United States District Court, Seventh Circuit

January 9, 2014

CHRISTOPHER NOVUS DAVIS, No. L135898, Plaintiff,


J. PHIL GILBERT, District Judge.

Plaintiff Christopher Novus Davis, an inmate in the Lake County Jail, brings this action for deprivations of his constitutional rights pursuant to 42 U.S.C. § 1983, based on his being assaulted by staff while he was housed at Chester Mental Health Center. The complaint suggests that Plaintiff was a civil detainee while housed at Chester Mental Health Center.

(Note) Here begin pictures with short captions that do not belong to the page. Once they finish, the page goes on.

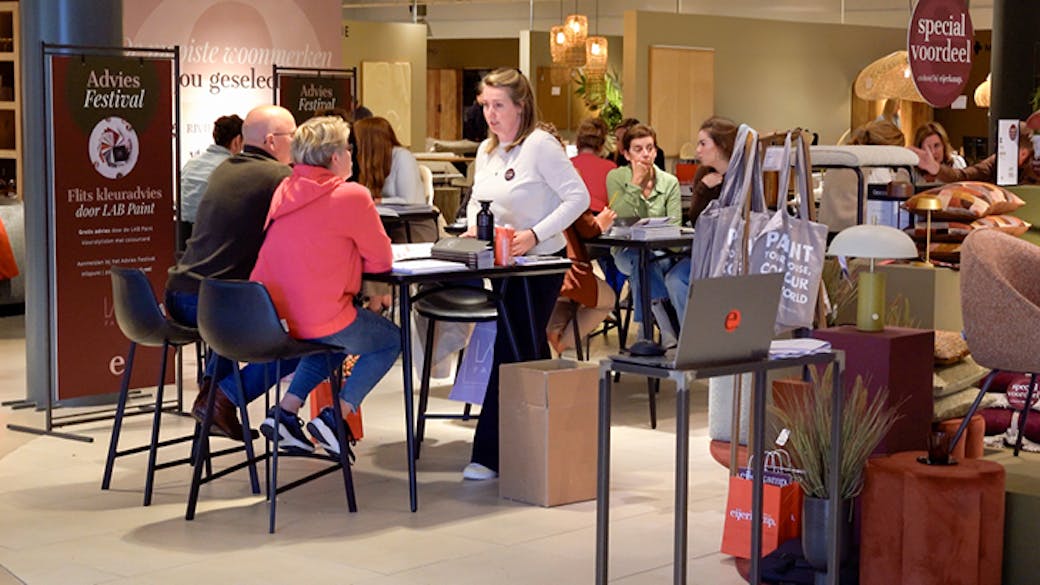 Events bij Eijerkamp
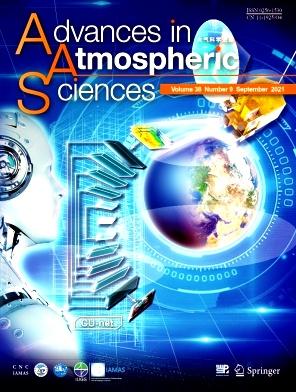 Adv. Atmos. Sci.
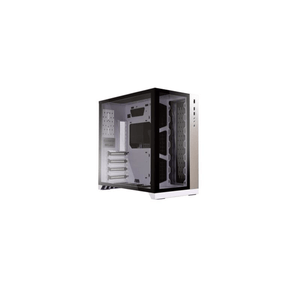 Caja LIAN LI  PC-O11 Dynamic  Blanco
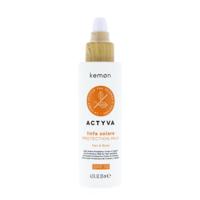 Kemon Actyva Linfa Solare Protection Milk SPF10 Spray - thumbnail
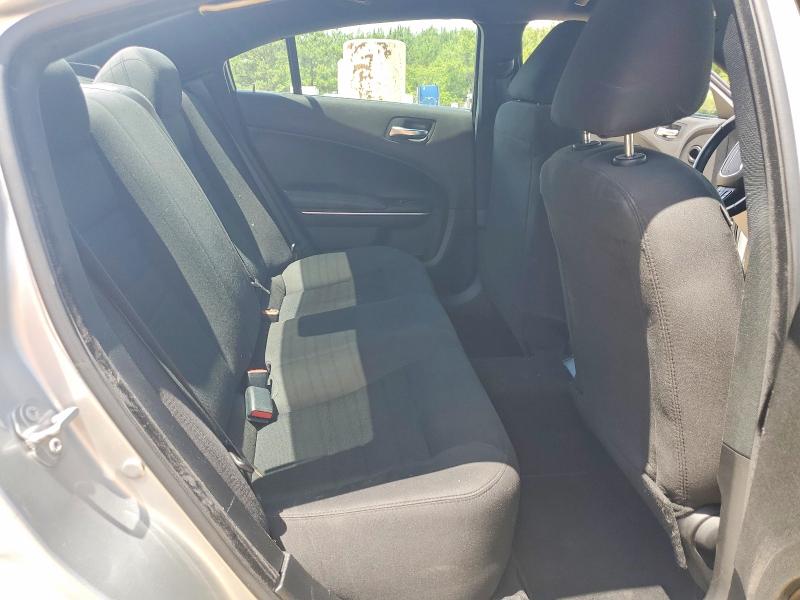 Aukcja sprzedaży 2020 Dodge Charger Po, vin: 2C3CDXKT0LH253132, numer aukcji: 56498076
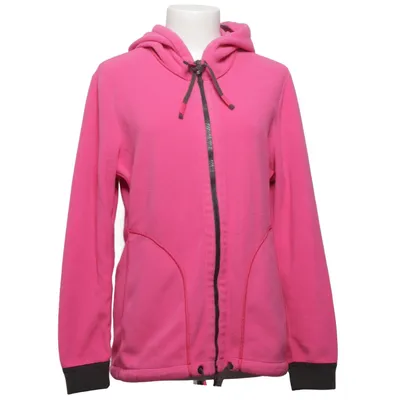 Hoodie (Pink) from Frauenschuh Polyester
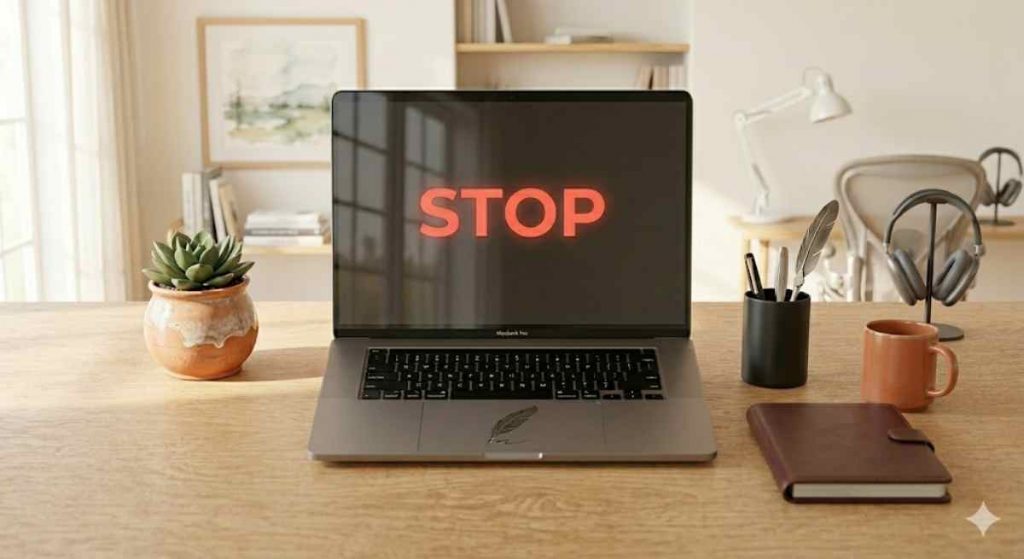 Verkaufen ohne Website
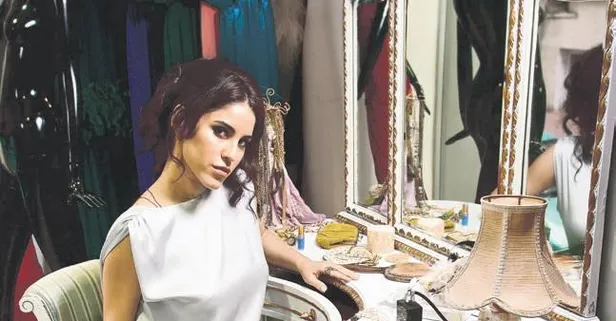 Irmak’tan ustaya saygı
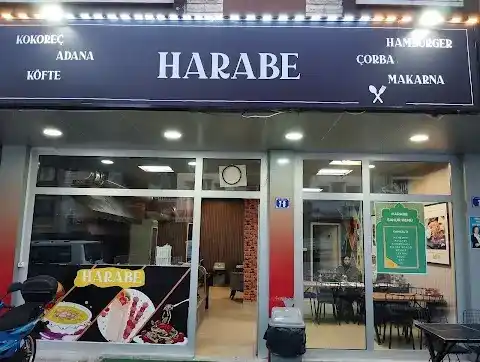 Harabe Restoran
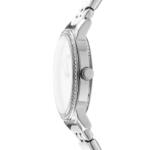 ⁦DK1L065M0035 שעון יד לאישה דונה קארן DKNY, אחריות יבואן רשמי⁩ – תמונה ⁦3⁩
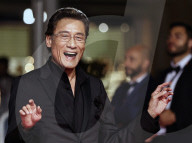 Cannes 2025: 'Sons of the Neon Night' Premiere RED CARPET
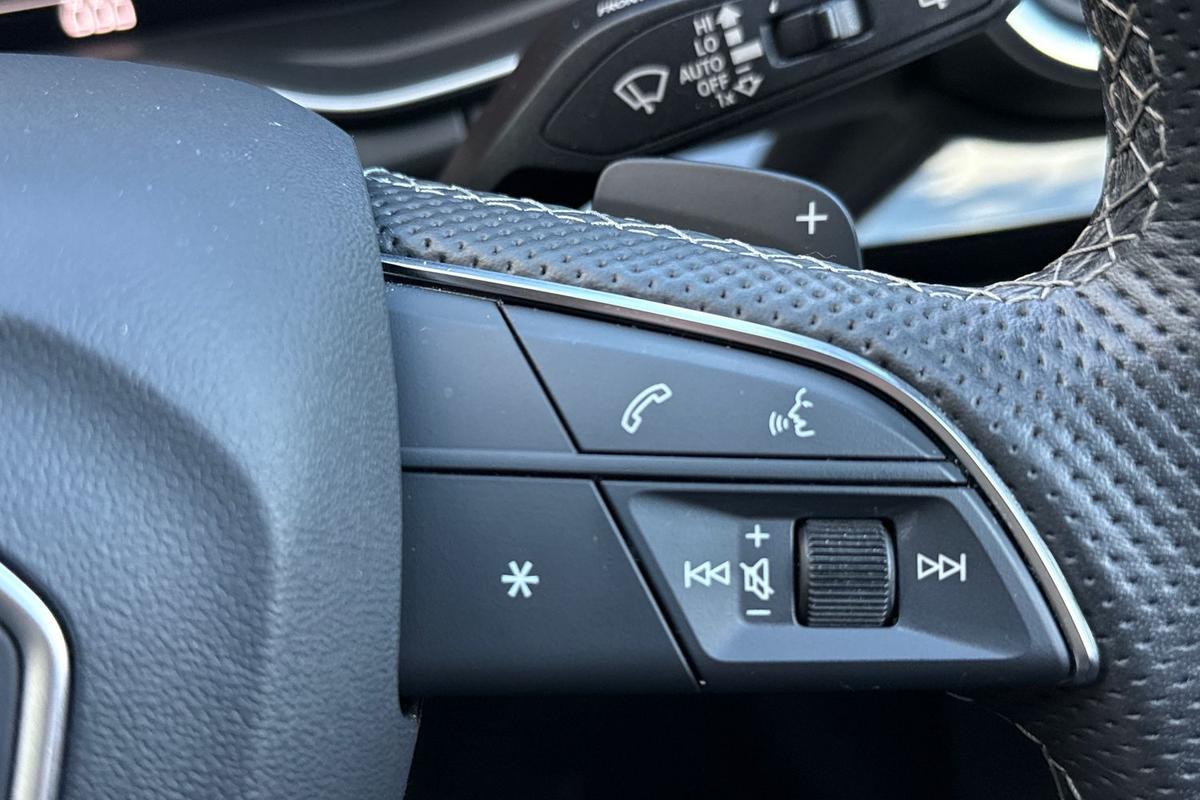 Used Audi Q5 2021 for sale - 78026040: Photo 17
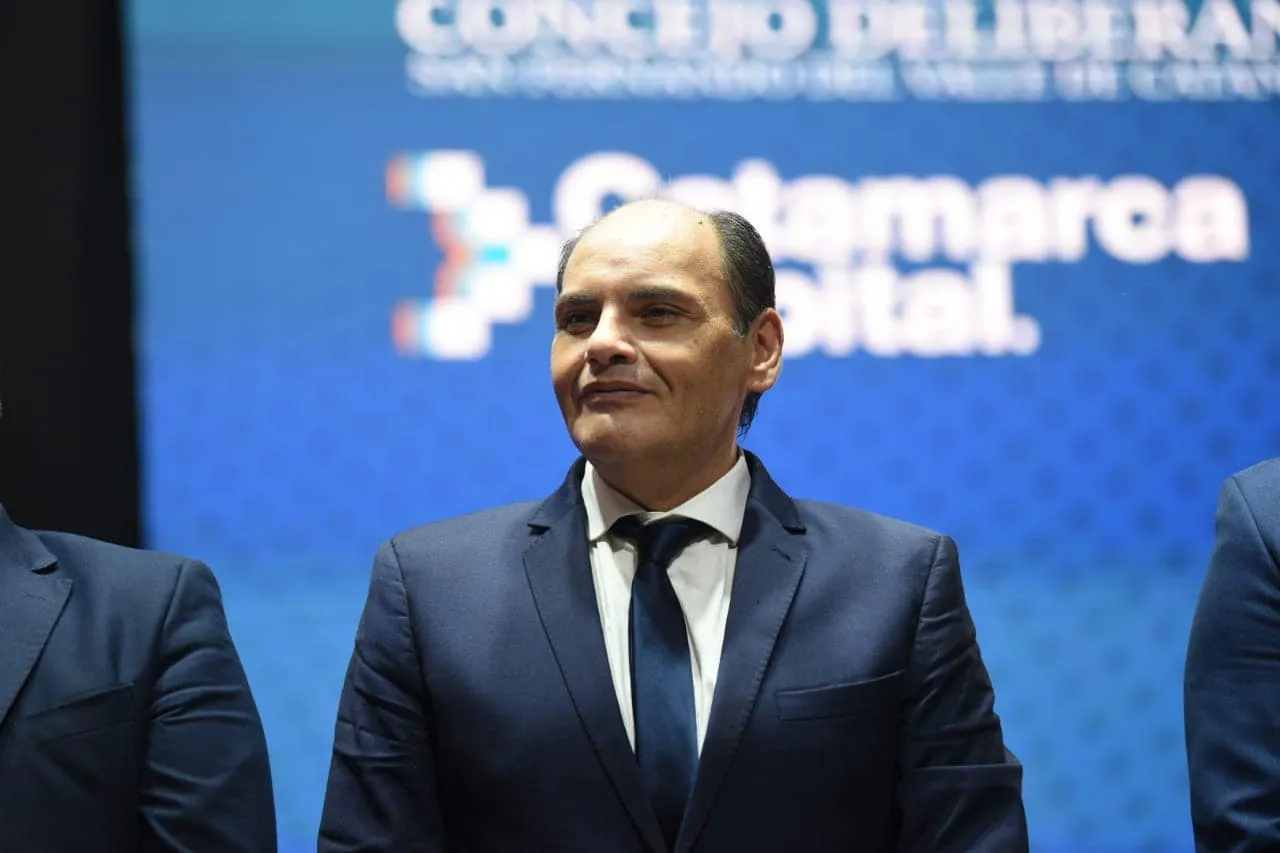 Marley explotó de furia al quedarse afuera de la conducción de los Martín Fierro: “Me están durmiendo”
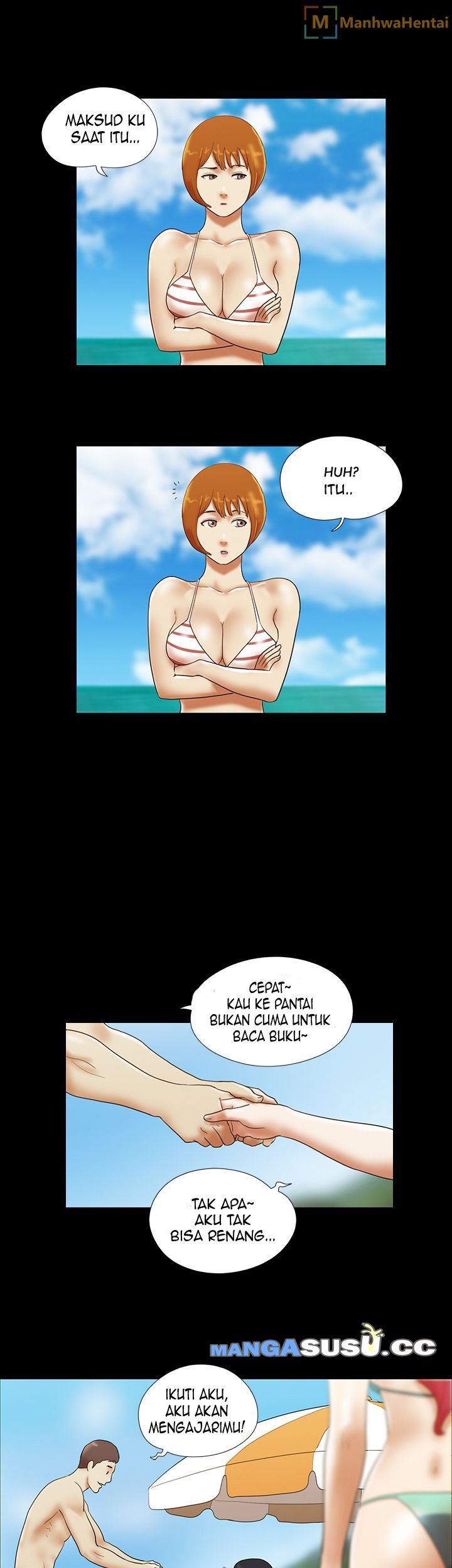 She’s The Girl - Chapter 19 14 She’s The Girl - Chapter 19 14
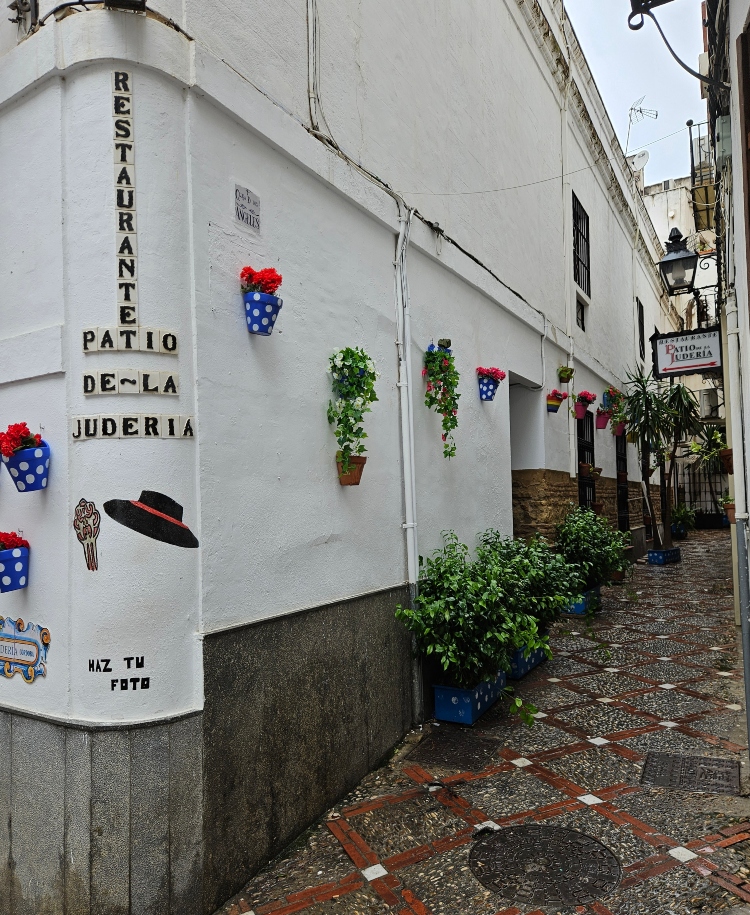 Judería de Córdoba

This case is now before the Court for a preliminary review of the complaint pursuant to 28 U.S.C. § 1915A, which provides:

(a) Screening. - The court shall review, before docketing, if feasible or, in any event, as soon as practicable after docketing, a complaint in a civil action in which a prisoner seeks redress from a governmental entity or officer or employee of a governmental entity.
(b) Grounds for Dismissal. - On review, the court shall identify cognizable claims or dismiss the complaint, or any portion of the complaint, if the complaint-
(1) is frivolous, malicious, or fails to state a claim on which relief may be granted; or
(2) seeks monetary relief from a defendant who is immune from such relief.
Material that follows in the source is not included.